Proposals:GridComputing

From KitwarePublic
Jump to navigationJump to search

Development and extension of ITK to be applied to grid computing

For more information contact: Simon Warfield, Steve Pieper, Ron Kikinis

There is an increasing trend to deploy grid computing infrastructures to support computations on extremely large datasets like those found in the Visible Human Project. We therefore believe that it is important for critical aspects of the architecture of ITK revisited and refined to support the emerging standards in the grid computing community and to develop example applications to demonstrate the power of the ITK/grid combination in real-world research computing scenarios.

Task 1: Survey of existing grid infrastructure software including the Globus Toolkit and associated middleware. Needs analysis of the bottlenecks in the current ITK as applied to collaborator projects within the SPL. Creation of initial ITK on grid computing examples using task-level parallelization of large population data sets (n > 1000).

Other examples of task level parallelism include parametric search in which an algorithm is applied to a single or small number of data sets many times (n > 1000) with different parameter settings.

Task 2: Focus on optimizing the current ITK inner-loops and threading model for CPU architectures and compilers deployed as compute grid nodes.

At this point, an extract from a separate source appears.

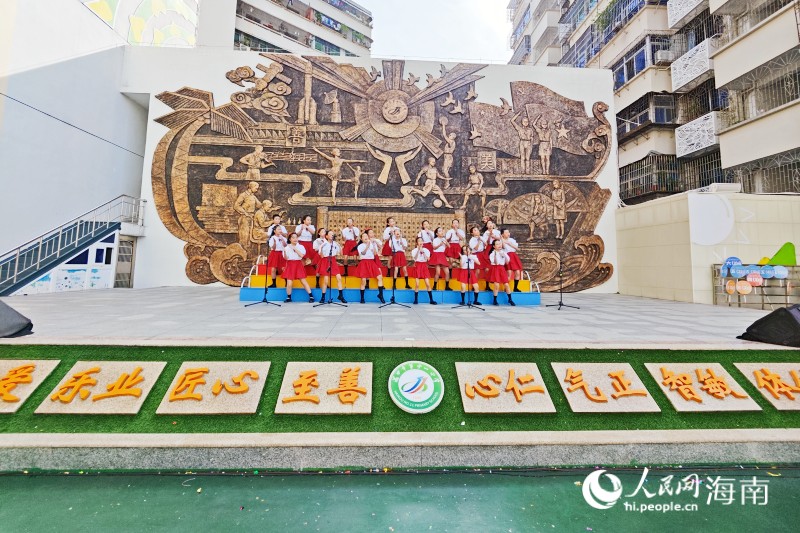 活動(dòng)現(xiàn)場(chǎng)載歌載舞，孩子們用才華與熱情為八載“致童年”課程寫下生動(dòng)注腳。 人民網(wǎng) 枉源攝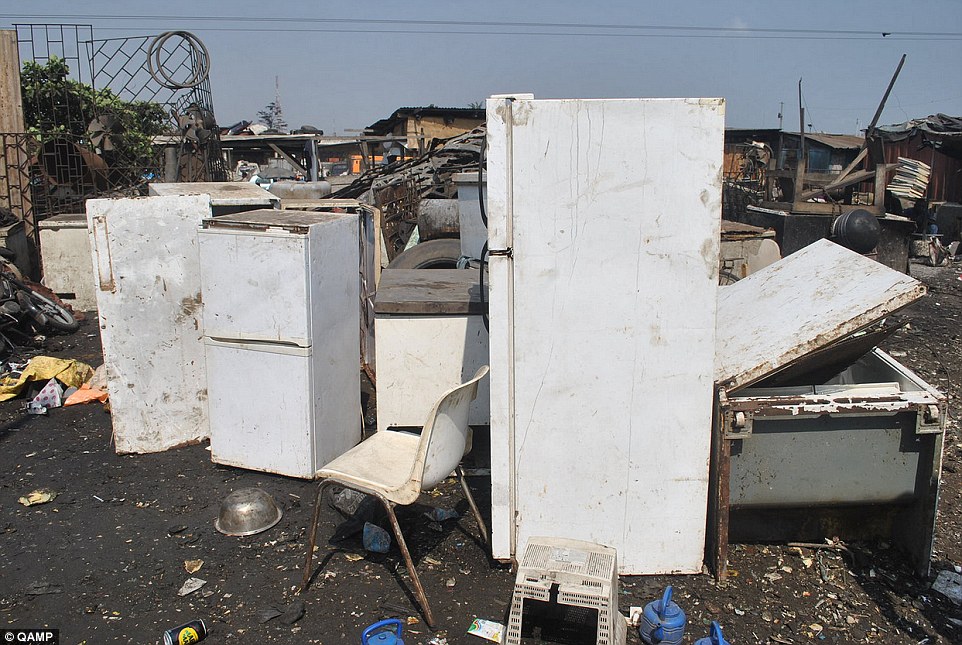非洲电子产品坟墓污染触目惊心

Work with computer science collaborators to identify bottlenecks that can benefit from machine-level code optimizations to accommodate issues such as cache size, special instruction sets, and memory bandwidth hierarchies in the context of a heterogeneous compute grid environment.

Cache size varies from CPU model to CPU model and can have a tremendous impact upon performance. Also, utilization of vector instruction sets such as SSE, and scheduling and branch prediction must be carefully optimized for the specific CPU model, instruction cache size, data cache size and scheduling pipeline for best performance. Compilers, such as GCC or the Intel compiler, can generate optimized code that outperforms hand-tuned code. Our intention is to investigate the potential for performance gains on certain platforms through the generation of cache-optimized, instruction-set optimized, scheduler optimized binaries. We will also test the accuracy and precision of highly optimized code to ensure correct results are obtained.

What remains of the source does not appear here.